The human peptide hp31 inhibits budding yeast APC/C activity and binds to yeast APC/C.
A) An alignment between budding yeast Tyc1 and the synthesized human hp31 peptide derived from human p31comet. B) Phosphor-images show that 220 μM human hp31 peptide inhibits yeast APC/CCdc20. C) Phosphor-images show that 220 μM human hp31 peptide inhibits yeast APC/CCdh1. D) The human-derived hp31 can pull-down budding yeast APC/C at 20 μM peptide (n = 3).
Fig 14.
Mad2-binding motif peptides and Tyc1 disrupt co-factor binding to APC/C and display an additive phenotype for microtubule poison sensitivity when co-ever expressed.

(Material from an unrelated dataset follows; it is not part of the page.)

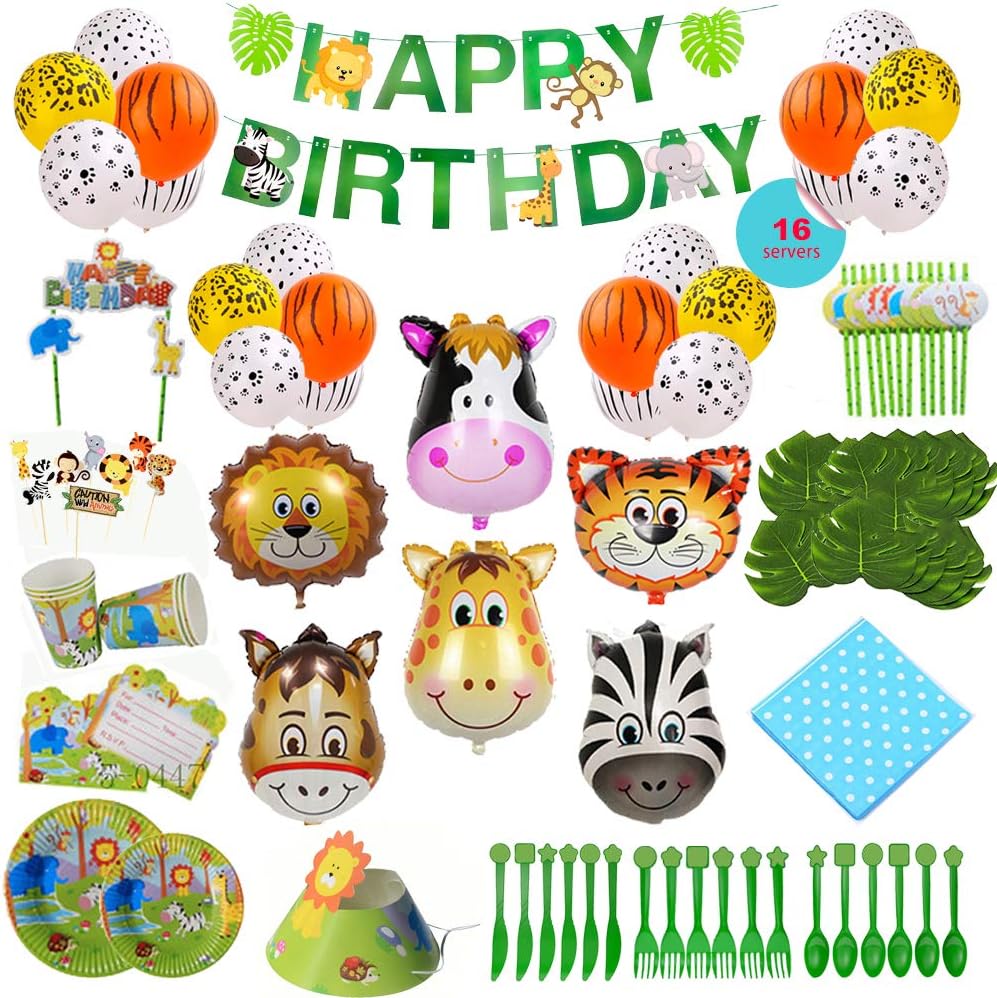 Animal-Themed Birthday Party Supply, 228 PCS - 16 Serves, Jungle Zoo Farm Safari Invites/Tableware/Favors/Balloons/More!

A) 35S-Methionine radio-labeled full-length Cdc20 or Cdh1 were made by IVT/T and pre-incubated with buffer only as a control, or Tyc1, DQ36 or PQ65 at a final concentration of 220 μM. Samples were mixed with enriched APC/C isolated on IgG beads and allowed to bind for 1 hour. Samples were washed and beads were boiled directly in protein sample buffer. The amount of APC/C-bound co-factor was measured by phosphor-imaging (n = 3). B) Co-over expression of PQ65 with Tyc1 in vivo leads to an increased sensitivity to the microtubule poison benomyl. In the presence of 12.5 μg/mL benomyl a significant decrease in the average colony number was observed (n = 5).